- [The problem] Leaving the pictures aside, transcribe the data below exactly.

====================

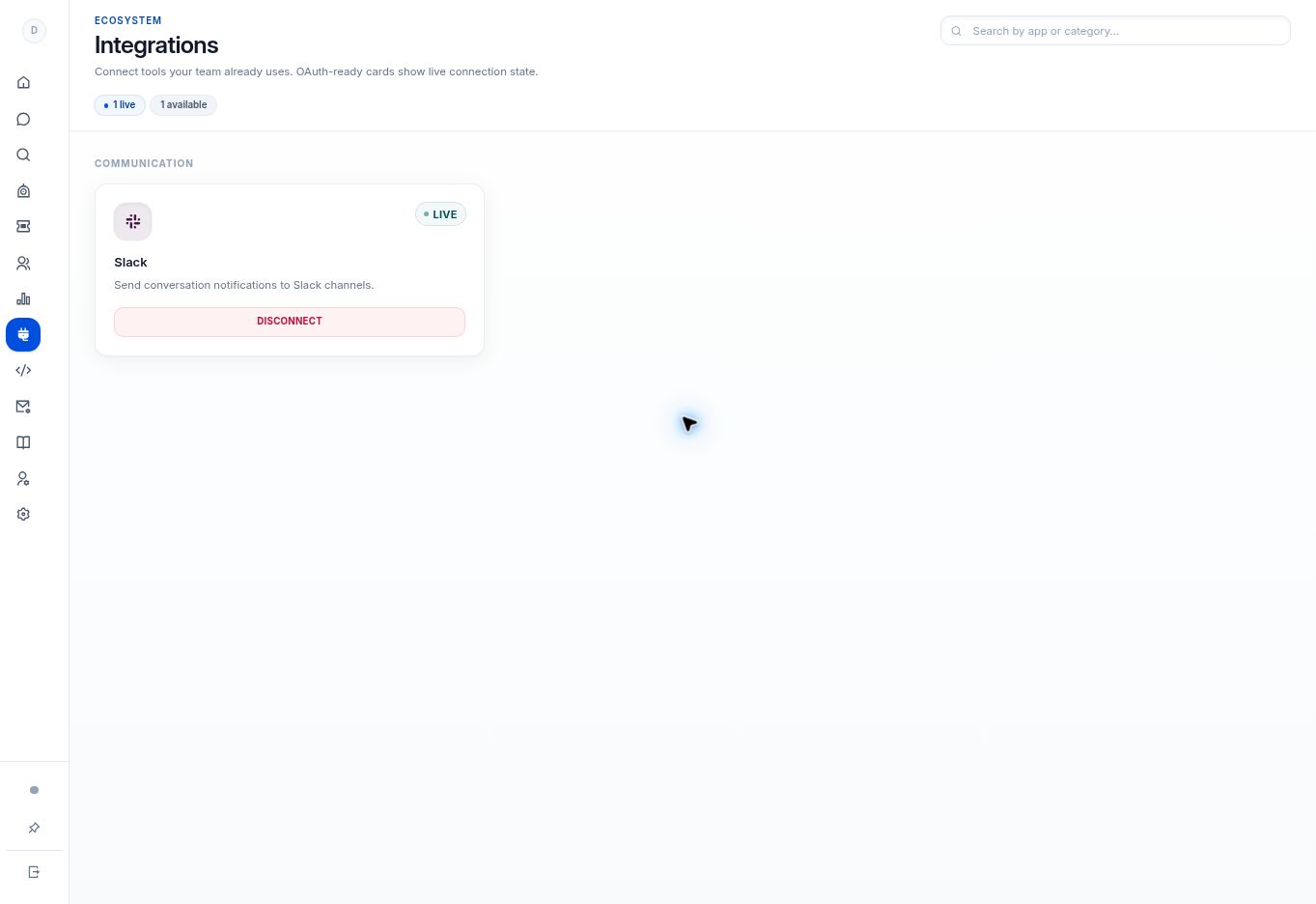 Check the Slack integration — controls in the SentroDesk platform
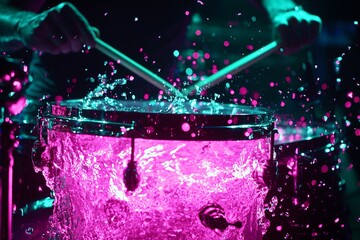 This high-energy image captures a drummer performing passionately, with colorful water splashes enhancing the dynamic atmosphere of an exciting musical moment on stage.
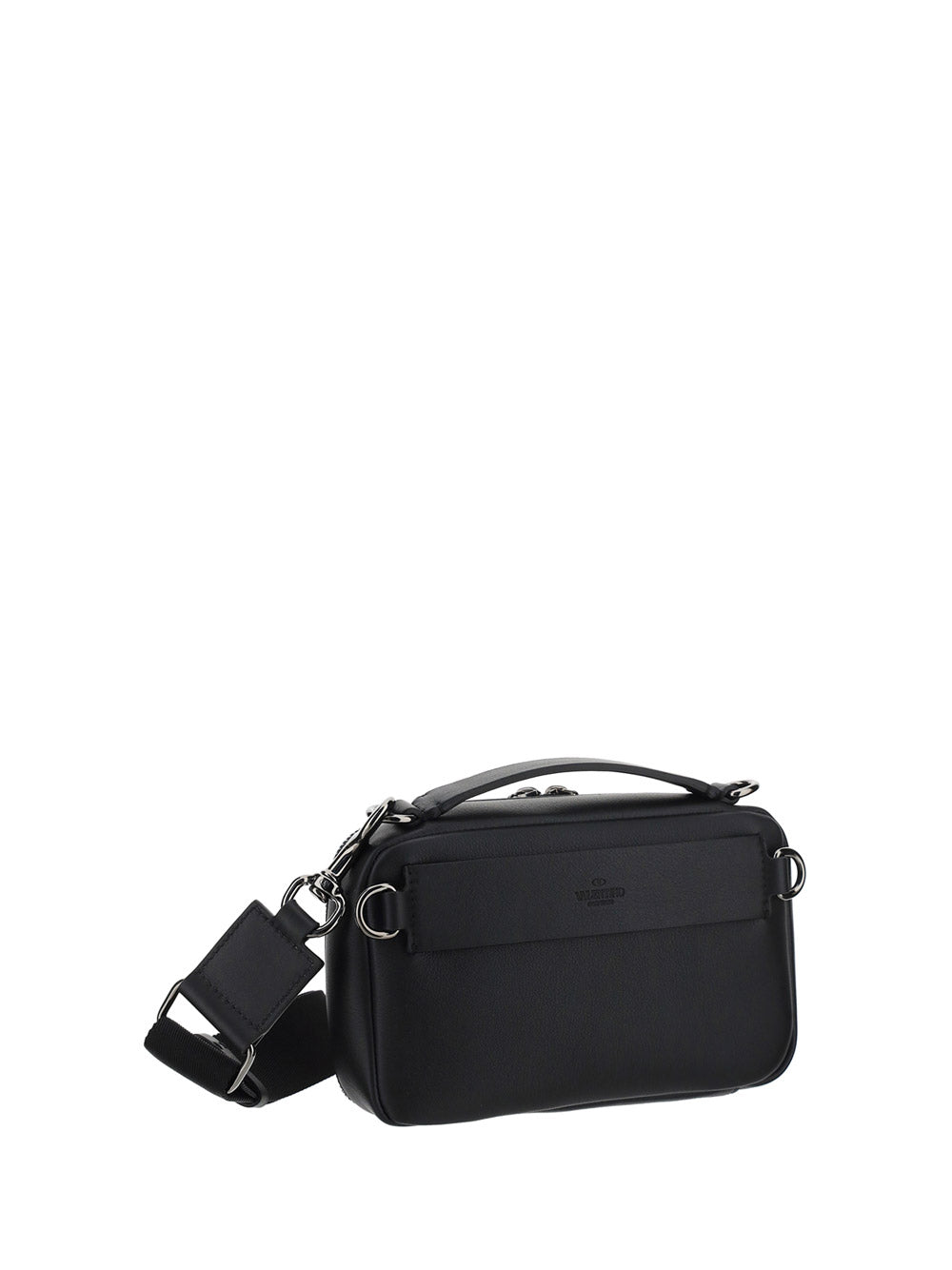 Lacquered Vlogo Signature Leather Crossbody Bag - Black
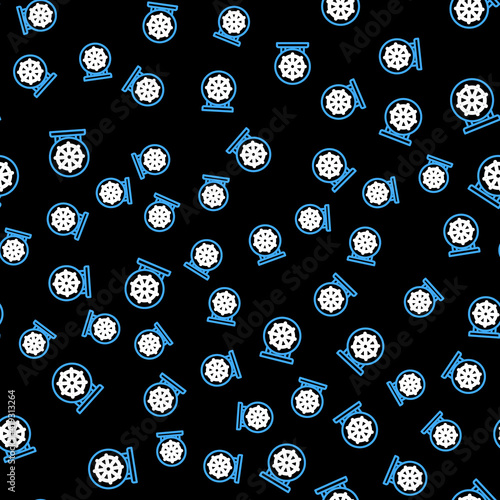Line Dharma wheel icon isolated seamless pattern on black background. Buddhism religion sign. Dharmachakra symbol. Vector.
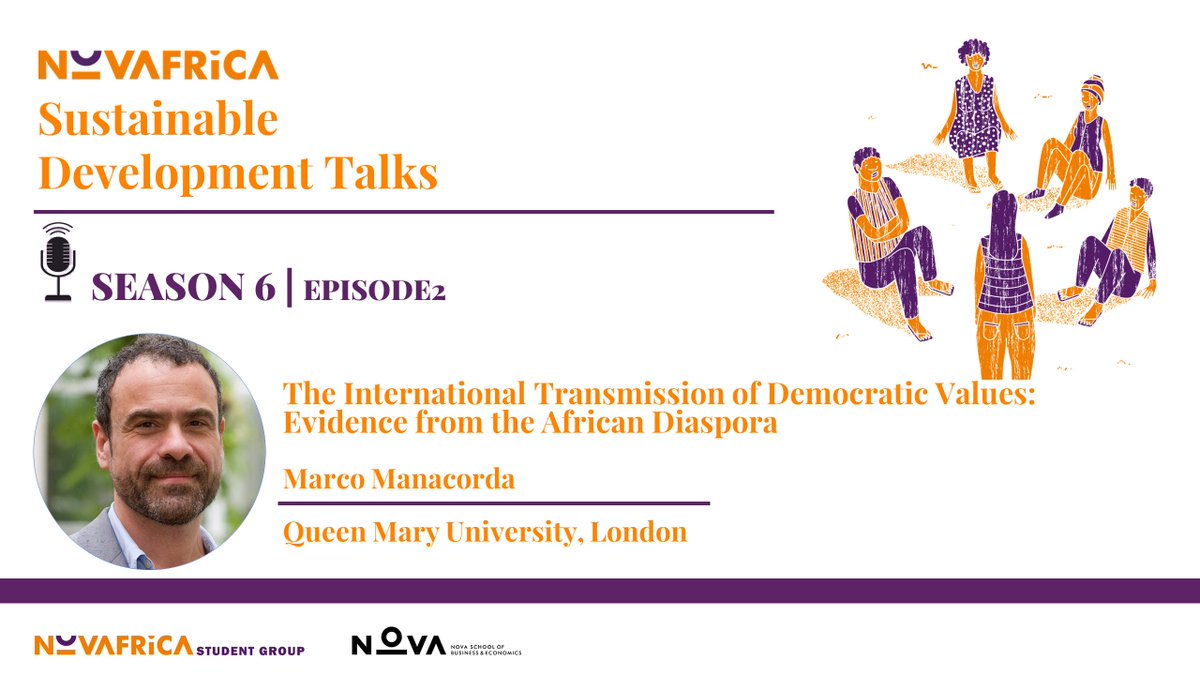 Missed the seminar? 🎧Listen to the @NOVAFRICA @NovaSBE Sustainable Development Talks with @MarcoManacorda @qmuleconomics on his paper 'The International Transmission of Democratic Values: Evidence from the African Diaspora' Link: 🔗bit.ly/4b585LW #EconTwitter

====================

- [Task response]
 Check the Slack integration — controls in the SentroDesk platform
 This high-energy image captures a drummer performing passionately, with colorful water splashes enhancing the dynamic atmosphere of an exciting musical moment on stage.
 Lacquered Vlogo Signature Leather Crossbody Bag - Black
Line Dharma wheel icon isolated seamless pattern on black background. Buddhism religion sign. Dharmachakra symbol. Vector.
 Missed the seminar? 🎧Listen to the @NOVAFRICA @NovaSBE Sustainable Development Talks with @MarcoManacorda @qmuleconomics on his paper 'The International Transmission of Democratic Values: Evidence from the African Diaspora' Link: 🔗bit.ly/4b585LW #EconTwitter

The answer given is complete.